Sylvia Lawson 18 November 2010 1099 words

Jennifer Lawrence as Ree in Winter’s Bone. Sebastian Mlynarski



IT’S ONLY by the flukes of the global distribution networks that two such radically different American works as Winter’s Bone and The Social Network happen to hit the circuits at the same time, but they present a contrast worth thinking about; and thought is provoked because, in utterly different ways, they’re two very fine films, each fully developed in its own terms. Winter’s Bone creates a very poor, forest-bound community in the Ozarks of Missouri, and for its treatment of the ignorance and brutality that pervade the place you might want to call it Daughter of Deliverance. In a stunningly intelligent performance, Jennifer Lawrence gives us Ree, a seventeen-year-old toughened by struggle. She’s caring for two much younger siblings, a mother in total retreat with dementia, and one friend, a teenage mother. They have nothing but their decrepit timber house; if the absent father can’t be found to face court, they could lose even that. The neighbours are feckless, caught up in drug-dealing – everyone’s cooking methamphetamine; hard-bitten women protect their men; moments of grudging kindness alternate with violence. The uncle called Teardrop – splendidly played by John Hawkes – cares about the kids, but he’s an ambiguous presence; he’s on the meth himself.

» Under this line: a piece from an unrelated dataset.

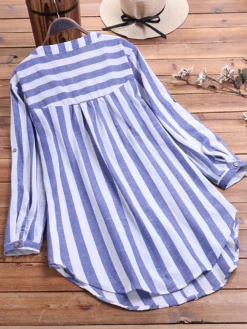 Striped Irregular Button Plus Size Shirt For Women -Zanzea Shop a964dd3e 738a 45ee b326 dd7495570bef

So for Ree, there’s no steady ground underfoot. Whatever else is going on, she tries to make sure the kids go to school. But there’s little hope there, and the three central characters are young, vulnerable and deserving. For them, the audience is properly and validly in dread. The skies are very cold, the forest thorny and un-beautiful, and for Australian audiences, the physical world of back-country poverty is highly recognisable: wrecked cars in heaps, desolate yard with broken toys, houses and sheds that won’t be mended. The assemblage of balladry and banjos on the track has everything to do with the creation of place; it’s much more than honky-tonk and hillbilly. Among others, Marideth Sisco sings “High on a Mountain” with a band named Blackberry Winter.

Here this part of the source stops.